What do you think should be done with the NHRC list of alleged election offenders?
Electios all over the world are a defining characteristic of democracy, and thus form an integral part of the democratization process. Nigerians, therefore, expect that elections will always be conducted in accordance with the constitution and that elections will meet the minimum requirement of fairness, for them to be acceptable to even those who lose.
The recent publishing of a list of electoral offenders by the National Human Rights Commission (NHRC) for which nothing had been done over the years, is most intriguing. It is sad that over the years the institutions of state saddled with the responsibility of prosecuting electoral offenders, have been toothless and proven to be incapable of prosecuting electoral offenders. So, to restore the confidence of the people in the ballot box, the government must ensure that identified offenders are prosecuted, to serve as a deterrent to future offenders. All those on the NRHC election offenders list must be brought to justice because they are enemies of a progressive Nigeria.
The government should ensure that the same zeal and vigour with which it is prosecuting the corruption war, is extended to the electoral system. Any person previously indicted over the years for subjecting our electoral value to odium and thereby, ridiculing us among the comity of nations, should be made to account for their mindless electoral infraction. If electoral malfeasance and impunity is not tackled head-on, it will continue to fester and retard our progress as a nation
What will you say about cases of compensation for victims of post election violence in Kaduna, Akwa Ibom and other places, which have remained unresolved?
The problem with this country is that when we set up committees, we simply do so to satisfy public concerns, and with the passage of time, such reports are usually left to gather dust in government cupboards. That is exactly what has happened to the report concerning victims of several post-election violence across the country. Government is a continuum and if the previous one made promises in that regards to compensate the affected families, there is no justification whatsoever to refuse to pay the victims or their dependants by this government.

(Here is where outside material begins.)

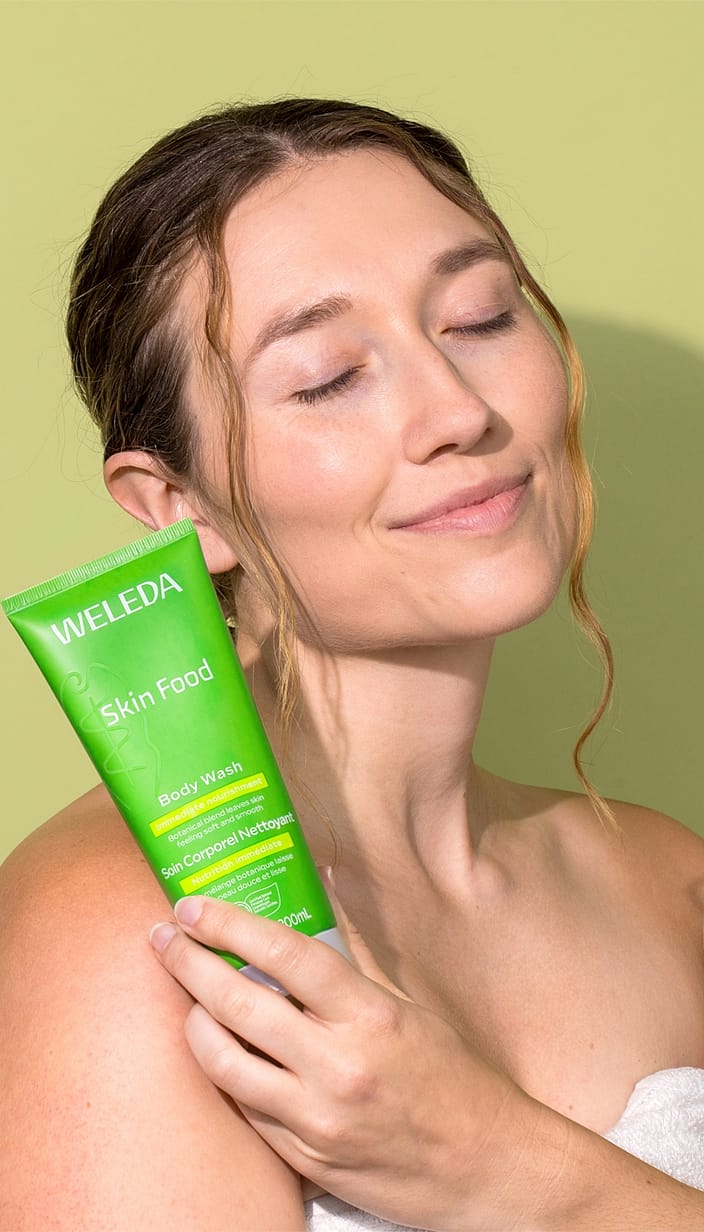 pielea alimente body wash - weleda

Do you support setting up of special courts to try electoral offenders?
The establishment of an Electoral Offences Commission was part of the broader reforms recommended by the presidential Electoral Reform Committee set up by former President Musa Yar ‘Adua of blessed memory. I recall that a bill in that regards was presented to the National Assembly in April of 2009, along with six other electoral reform bills. The then National Assembly amended the Electoral Act in August 2010, to include some of the presidential committee’s recommendations but sadly, left out the creation of the Electoral Offences Commission for reasons I cannot fathom till date.
One of the failures of INEC over the years is its lack of interest and its embarrassing unwillingness to professionally prosecute electoral offenders. Ordinarily, the constitution of special courts emanates from the failure of established systems. But recognising the monumental damage electoral malpractices has done to our values as a country, it is not out of place to begin to look at the desirability of setting up special courts, to try such cases. We need to answer the critical question, whether the existing legal framework for the prosecution of electoral offenders as encapsulated in the Electoral Act, 2010(as amended) is adequate for the arrest, investigation and prosecution of electoral offenders.
Election is due in Edo State and then later Ondo, what do you advice should be done to curb violence?
We must do everything in our power to ensure that politicians do not turn the elections in Edo and Ondo states into a state of war, where, young people are conscripted into the burgeoning industry of political thuggery, where they kill and maim for their political masters. So far, there has not been any reported case of political killing in these two states and I hope this is sustained into the election and even thereafter. The simple thing to do to curb any violent tendency, is to ensure that these elections are fair, credible and transparent because when an electoral process is perceived as unfair, manipulated or corrupt, its political legitimacy is compromised and politicians and their supporters are motivated to engage in violent conducts. There is also the need for a vigorous voter education and other measures to build confidence in the electoral system.